The ODF Add-On (4.12.0) gets installed on your ROKS VPC Cluster on IBM Cloud.
The OcsCluster Custom Resource Definition has been initialized.

Command:

 
   ```

kubectl get ocscluster -o yaml

```

Output:

 
   ```

apiVersion: v1

items:

- apiVersion: ocs.ibm.io/v1

  kind: OcsCluster

  metadata:

    creationTimestamp: "2023-09-05T07:22:37Z"

    finalizers:

    - finalizer.ocs.ibm.io

    generation: 1

    name: ocscluster-auto

    resourceVersion: "21595"

    uid: 39d4ab72-50b8-49ed-89f4-b40cbd6fcbaa

  spec:

    autoDiscoverDevices: false

    billingType: advanced

    clusterEncryption: false

    hpcsEncryption: false

    ignoreNoobaa: false

    numOfOsd: 1

    ocsUpgrade: false

    osdDevicePaths:

    - ""

    osdSize: 250Gi

    osdStorageClassName: ibmc-vpc-block-metro-10iops-tier

  status:

    storageClusterStatus: Ready

kind: List

metadata:

  resourceVersion: ""

```

After 10-15 minutes, the Ocscluster status is Ready!
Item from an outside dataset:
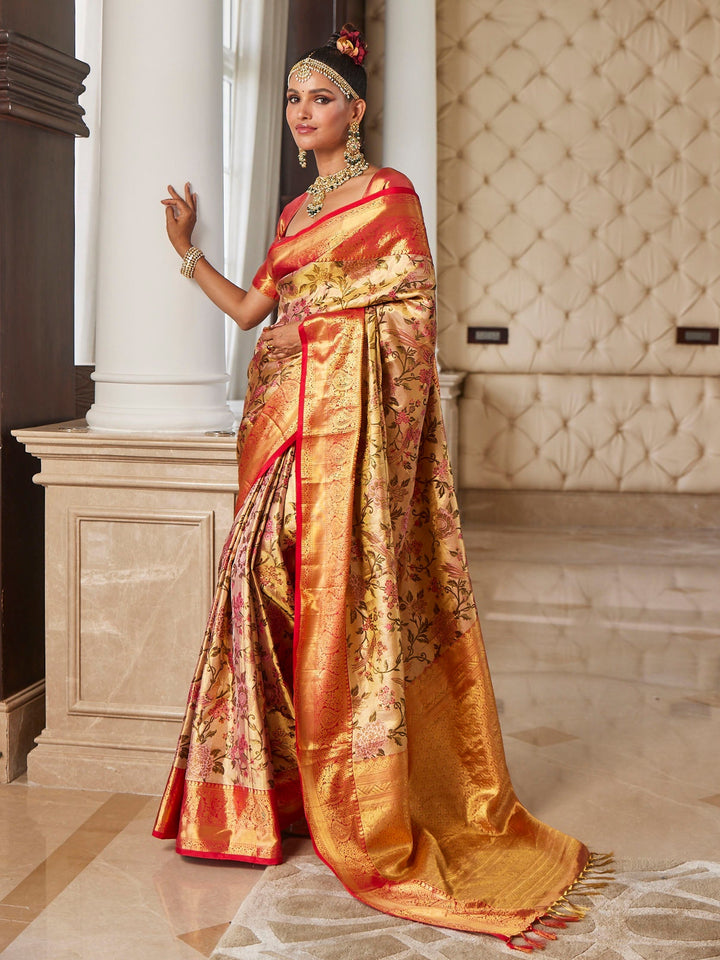 Brocade Zari Jaal Handloom Woven Saree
We have successfully deployed ODF on our ROKS VPC cluster.

Deploying an App With OpenShift Data Foundation

After you have deployed OpenShift Data Foundation for your ROKS cluster through Terraform, you can use the ODF storage classes to create a persistent volume claim (PVC). Then, refer to the PVC in your deployment so that your app can save and use data from the underlying ODF storage device.
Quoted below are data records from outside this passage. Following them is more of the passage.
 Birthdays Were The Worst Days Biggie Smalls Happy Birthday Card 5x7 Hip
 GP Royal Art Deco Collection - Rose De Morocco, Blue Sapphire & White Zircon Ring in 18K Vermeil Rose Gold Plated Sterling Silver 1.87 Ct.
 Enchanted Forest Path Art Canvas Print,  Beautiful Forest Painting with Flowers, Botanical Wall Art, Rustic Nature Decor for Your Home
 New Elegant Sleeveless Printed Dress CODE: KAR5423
List the ODF storage classes:

 
   ```

kubectl get sc | grep openshift

```

Output:

 
   ```

ocs-storagecluster-ceph-rbd openshift-storage.rbd.csi.ceph.com    Delete          

ocs-storagecluster-cephfs   openshift-storage.cephfs.csi.ceph.com Delete          

openshift-storage.noobaa.io openshift-storage.noobaa.io/obc       Delete          

```

Create a PVC using the below YAML file with the storage class that you’d like to use; for example, PVC using the ocs-storagecluster-cephfs storage class:

 
   ```

apiVersion: v1

kind: PersistentVolumeClaim

metadata:

  name: odf-pvc

spec:

  accessModes:

  - ReadWriteOnce

  resources:

    requests:

      storage: 10Gi

  storageClassName: ocs-storagecluster-cephfs

```

Create the PVC in your cluster.

 
   ``` 

kubectl create -f <my-pvc.yaml>

```

Create a YAML configuration file for a pod, that mounts the PVC that you created. The following example creates an nginx pod that writes the current date and time to a test.txt file.

pod.yaml

 
   ```

apiVersion: v1

kind: Pod

metadata:

  name: app

spec:

  containers:

  - name: app

    image: nginx

    command: ["/bin/sh"]

    args: ["-c", "while true; do echo $(date -u) >> /test/test.txt; sleep 600; done"]

    volumeMounts:

    - name: persistent-storage

      mountPath: /test

  volumes:

  - name: persistent-storage

    persistentVolumeClaim:

      claimName: odf-pvc

```

Create the pod in your cluster.

 
   ``` 

kubectl apply -f pod.yaml

```

Wait for your pod to be in the Running state.

 
   ``` 

kubectl get pods

```

Verify that the app can write data.
- Log in to your pod.

 
   ``` 

kubectl exec <app-pod-name> -it – bash

```

Display the contents of the test.txt file to confirm that your app can write data to your persistent storage.

 
   ``` 

cat /test/test.txt

```

Output:

 
   ``` 

Sat Sep 2 20:09:19 UTC 2023

Sat Sep 2 20:09:25 UTC 2023

Sat Sep 2 20:09:31 UTC 2023

Sat Sep 2 20:09:36 UTC 2023

Sat Sep 2 20:09:42 UTC 2023

Sat Sep 2 20:09:47 UTC 2023

```

Exit the pod.

 
   ```

exit

```

You have successfully deployed an application that uses OpenShift Data Foundation as the underlying storage!